Knowing the structure of proteins is essential for understanding their function, but we must also learn how parts of proteins move as they carry out their tasks. Biophysicists have combined the methods of modern molecular biology with sophisticated physical techniques to learn just how many types of proteins do their job. All cells contain tiny molecular motors—these motors are a large family of proteins—that help the cell to move or that move material within the cell from one place to another. The most familiar manifestation of these motors at work is muscle contraction and the pumping of the heart, but molecular motors are essential for the jobs performed by all cells, from the dividing of cells to produce replacements for cells that die to the carting of essential chemicals to where they are needed in the brain (see sidebar “Optical Tweezers”). Unraveling how these motors work has required developing clever physical methods to measure the motions of single protein molecules over distances that are smaller than can be seen with microscopes.

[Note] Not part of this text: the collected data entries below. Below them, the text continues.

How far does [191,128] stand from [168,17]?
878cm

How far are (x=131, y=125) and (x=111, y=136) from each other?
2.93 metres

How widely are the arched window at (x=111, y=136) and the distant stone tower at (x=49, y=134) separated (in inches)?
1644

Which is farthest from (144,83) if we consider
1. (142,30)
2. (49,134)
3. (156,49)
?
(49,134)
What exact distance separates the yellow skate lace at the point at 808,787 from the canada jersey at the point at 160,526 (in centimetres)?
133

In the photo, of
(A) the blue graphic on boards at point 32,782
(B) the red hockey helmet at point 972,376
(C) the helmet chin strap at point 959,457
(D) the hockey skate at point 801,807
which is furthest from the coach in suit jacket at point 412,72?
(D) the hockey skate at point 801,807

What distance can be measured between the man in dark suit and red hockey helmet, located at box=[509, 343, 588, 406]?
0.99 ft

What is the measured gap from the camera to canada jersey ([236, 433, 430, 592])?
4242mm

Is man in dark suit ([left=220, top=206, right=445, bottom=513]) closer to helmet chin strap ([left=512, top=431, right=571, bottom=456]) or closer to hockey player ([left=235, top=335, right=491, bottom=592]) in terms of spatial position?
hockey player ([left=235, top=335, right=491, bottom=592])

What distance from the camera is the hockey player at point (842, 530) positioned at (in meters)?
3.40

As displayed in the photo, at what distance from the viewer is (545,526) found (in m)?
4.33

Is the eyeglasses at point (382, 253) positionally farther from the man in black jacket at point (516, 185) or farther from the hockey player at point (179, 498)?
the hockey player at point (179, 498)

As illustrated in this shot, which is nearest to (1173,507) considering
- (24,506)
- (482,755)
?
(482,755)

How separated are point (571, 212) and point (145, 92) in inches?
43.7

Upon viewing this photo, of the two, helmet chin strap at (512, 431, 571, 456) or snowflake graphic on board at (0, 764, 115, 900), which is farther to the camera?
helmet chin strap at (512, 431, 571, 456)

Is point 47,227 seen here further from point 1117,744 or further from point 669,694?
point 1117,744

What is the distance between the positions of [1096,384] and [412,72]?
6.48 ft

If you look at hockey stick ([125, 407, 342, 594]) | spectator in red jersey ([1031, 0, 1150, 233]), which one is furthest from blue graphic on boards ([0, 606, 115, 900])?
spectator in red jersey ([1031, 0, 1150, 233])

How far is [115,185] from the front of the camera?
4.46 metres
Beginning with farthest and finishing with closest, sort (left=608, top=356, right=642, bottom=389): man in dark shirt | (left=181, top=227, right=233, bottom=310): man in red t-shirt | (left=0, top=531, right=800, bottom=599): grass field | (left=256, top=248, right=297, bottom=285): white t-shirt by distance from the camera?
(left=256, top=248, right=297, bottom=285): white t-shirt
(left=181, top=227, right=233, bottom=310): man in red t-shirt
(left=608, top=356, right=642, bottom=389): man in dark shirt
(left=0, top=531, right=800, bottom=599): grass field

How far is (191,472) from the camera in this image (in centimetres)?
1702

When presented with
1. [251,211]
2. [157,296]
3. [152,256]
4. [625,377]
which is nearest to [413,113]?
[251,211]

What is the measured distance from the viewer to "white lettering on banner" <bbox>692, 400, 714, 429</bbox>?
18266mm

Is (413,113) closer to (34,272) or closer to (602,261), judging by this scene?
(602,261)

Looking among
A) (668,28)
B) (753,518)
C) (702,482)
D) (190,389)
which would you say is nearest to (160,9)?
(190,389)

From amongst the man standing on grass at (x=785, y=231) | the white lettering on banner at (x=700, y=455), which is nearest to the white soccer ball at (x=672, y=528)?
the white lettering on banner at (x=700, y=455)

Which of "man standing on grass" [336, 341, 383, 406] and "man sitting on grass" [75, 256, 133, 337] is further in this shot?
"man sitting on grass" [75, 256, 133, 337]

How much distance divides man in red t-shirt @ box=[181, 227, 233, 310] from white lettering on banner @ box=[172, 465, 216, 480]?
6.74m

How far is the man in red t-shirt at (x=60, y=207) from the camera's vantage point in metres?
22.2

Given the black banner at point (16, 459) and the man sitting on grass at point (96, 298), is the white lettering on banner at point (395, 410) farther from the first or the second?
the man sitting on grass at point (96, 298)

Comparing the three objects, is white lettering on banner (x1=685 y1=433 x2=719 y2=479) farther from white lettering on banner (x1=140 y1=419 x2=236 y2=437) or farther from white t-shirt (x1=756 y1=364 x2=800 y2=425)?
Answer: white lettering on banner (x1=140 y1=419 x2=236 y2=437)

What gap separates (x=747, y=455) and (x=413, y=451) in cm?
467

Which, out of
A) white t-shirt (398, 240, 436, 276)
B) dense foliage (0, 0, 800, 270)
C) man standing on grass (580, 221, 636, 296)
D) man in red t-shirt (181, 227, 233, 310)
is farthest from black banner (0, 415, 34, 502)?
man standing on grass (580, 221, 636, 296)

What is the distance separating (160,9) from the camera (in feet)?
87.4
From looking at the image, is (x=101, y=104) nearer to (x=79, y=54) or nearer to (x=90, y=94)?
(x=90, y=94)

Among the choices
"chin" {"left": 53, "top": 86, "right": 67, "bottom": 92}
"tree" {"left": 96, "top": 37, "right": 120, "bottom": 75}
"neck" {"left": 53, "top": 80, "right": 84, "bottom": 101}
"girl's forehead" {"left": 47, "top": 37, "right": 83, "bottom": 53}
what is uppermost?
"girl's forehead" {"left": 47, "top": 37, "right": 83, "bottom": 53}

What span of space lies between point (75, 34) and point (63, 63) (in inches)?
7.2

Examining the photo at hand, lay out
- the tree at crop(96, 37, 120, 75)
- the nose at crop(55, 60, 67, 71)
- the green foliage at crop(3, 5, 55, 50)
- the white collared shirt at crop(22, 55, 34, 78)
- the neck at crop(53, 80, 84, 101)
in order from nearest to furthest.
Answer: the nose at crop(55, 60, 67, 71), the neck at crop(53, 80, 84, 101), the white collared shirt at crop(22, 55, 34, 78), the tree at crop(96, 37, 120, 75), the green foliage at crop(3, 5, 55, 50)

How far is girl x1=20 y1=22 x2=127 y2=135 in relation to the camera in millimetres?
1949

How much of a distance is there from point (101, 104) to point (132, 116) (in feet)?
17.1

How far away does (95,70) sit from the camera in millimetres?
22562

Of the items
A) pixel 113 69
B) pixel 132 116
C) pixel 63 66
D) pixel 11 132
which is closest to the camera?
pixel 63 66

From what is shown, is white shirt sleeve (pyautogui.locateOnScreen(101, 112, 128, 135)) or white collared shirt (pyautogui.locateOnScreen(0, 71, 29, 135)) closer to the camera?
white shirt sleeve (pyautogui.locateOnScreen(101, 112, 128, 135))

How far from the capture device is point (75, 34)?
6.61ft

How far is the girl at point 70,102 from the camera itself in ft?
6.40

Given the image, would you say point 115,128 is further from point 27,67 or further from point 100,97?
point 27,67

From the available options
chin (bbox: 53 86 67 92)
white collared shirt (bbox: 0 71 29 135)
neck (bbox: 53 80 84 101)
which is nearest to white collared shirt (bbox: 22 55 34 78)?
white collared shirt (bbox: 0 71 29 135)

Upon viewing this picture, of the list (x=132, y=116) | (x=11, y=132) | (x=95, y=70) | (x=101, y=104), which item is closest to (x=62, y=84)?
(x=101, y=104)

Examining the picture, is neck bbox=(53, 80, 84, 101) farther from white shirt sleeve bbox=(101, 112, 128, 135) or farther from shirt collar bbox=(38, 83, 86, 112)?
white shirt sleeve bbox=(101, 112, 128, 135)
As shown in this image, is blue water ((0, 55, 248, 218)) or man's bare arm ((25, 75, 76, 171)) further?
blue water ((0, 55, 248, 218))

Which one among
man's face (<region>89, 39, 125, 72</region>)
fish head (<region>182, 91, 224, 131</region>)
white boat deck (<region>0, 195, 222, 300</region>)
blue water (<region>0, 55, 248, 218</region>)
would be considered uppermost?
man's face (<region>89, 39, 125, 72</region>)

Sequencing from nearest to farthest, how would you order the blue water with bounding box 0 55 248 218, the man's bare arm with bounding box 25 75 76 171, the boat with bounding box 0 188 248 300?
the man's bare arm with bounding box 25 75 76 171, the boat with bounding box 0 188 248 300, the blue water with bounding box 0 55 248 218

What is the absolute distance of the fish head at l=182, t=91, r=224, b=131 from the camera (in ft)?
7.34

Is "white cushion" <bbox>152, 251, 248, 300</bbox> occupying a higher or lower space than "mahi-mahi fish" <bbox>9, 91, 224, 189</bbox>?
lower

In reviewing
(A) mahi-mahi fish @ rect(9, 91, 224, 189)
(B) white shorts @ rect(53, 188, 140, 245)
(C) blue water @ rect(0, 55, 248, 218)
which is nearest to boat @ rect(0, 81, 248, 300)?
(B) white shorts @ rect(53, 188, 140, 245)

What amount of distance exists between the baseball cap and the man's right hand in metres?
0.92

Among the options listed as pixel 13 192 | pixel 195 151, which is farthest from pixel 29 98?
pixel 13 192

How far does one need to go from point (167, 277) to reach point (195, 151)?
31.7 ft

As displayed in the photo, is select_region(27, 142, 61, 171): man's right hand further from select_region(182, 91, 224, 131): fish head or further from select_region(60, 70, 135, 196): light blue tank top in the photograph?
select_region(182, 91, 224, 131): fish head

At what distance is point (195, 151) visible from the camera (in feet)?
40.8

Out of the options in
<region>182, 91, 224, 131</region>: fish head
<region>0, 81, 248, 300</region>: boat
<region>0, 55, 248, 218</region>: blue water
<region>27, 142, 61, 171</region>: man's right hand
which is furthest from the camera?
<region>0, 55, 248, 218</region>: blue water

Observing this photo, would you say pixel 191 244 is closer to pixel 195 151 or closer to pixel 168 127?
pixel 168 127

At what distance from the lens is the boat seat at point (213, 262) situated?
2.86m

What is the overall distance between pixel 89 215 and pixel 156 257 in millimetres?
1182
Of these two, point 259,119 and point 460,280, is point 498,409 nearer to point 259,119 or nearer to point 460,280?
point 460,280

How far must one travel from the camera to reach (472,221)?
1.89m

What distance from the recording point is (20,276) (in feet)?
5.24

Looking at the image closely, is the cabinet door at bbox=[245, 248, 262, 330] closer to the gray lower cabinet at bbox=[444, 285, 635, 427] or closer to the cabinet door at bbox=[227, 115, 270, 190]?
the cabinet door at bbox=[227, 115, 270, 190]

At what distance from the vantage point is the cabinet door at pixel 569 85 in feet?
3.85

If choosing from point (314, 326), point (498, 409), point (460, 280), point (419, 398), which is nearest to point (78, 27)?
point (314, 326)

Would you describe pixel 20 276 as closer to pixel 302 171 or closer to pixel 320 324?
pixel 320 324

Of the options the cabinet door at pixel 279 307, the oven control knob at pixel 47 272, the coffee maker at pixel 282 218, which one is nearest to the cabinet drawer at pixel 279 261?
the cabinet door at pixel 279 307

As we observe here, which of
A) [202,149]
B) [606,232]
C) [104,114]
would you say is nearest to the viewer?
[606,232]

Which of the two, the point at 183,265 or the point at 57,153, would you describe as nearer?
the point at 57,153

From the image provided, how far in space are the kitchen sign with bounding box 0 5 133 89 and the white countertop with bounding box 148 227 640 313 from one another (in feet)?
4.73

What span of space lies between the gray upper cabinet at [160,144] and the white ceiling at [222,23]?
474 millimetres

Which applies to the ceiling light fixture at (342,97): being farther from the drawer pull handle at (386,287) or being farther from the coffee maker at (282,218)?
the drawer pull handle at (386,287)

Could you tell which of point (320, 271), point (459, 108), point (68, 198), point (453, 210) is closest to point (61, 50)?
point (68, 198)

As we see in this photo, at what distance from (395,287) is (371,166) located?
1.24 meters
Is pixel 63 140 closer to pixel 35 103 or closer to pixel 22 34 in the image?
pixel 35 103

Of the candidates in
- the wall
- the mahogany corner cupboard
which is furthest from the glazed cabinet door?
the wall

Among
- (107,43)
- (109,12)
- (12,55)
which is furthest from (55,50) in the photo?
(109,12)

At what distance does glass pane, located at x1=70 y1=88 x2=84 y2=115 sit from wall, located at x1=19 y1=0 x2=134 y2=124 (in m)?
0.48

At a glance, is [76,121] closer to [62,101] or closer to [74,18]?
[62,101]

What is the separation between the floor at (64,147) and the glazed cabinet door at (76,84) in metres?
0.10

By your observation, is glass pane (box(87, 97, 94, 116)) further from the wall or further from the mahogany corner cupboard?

The beating of the heart and all functions of the brain require another kind of protein that produces electrical signals in cells. The electrocardiogram and the electroencephalogram are manifestations of the operation of these proteins and are used for the diagnosis of heart and neurological diseases. Biophysicists have also learned how these proteins generate their electrical signals, and this knowledge has given us many therapies, ranging from drugs to treat abnormal heartbeats to the treatment of epilepsy.
In small ways and large, from the treatment of nearsightedness to the diagnosis of neurological diseases, applications of the discoveries of physics have revolutionized medical practice. Although this transformation began 100 years ago, it has greatly accelerated in the past several decades as our increased ability to process information has been applied to a variety of physical phenomena. In the 21st century, physics will continue to provide the foundation for striking advances in biomedicine and health. The increasingly interdisciplinary nature of physics research is focusing more of the field's intellectual and technical resources on addressing opportunities in biology and medicine, both to increase our understanding of basic mechanisms and to provide novel technologies for research and application. In the coming decades we can confidently expect that physics will continue to contribute to the nation's health and, in fact, that these contributions will increase.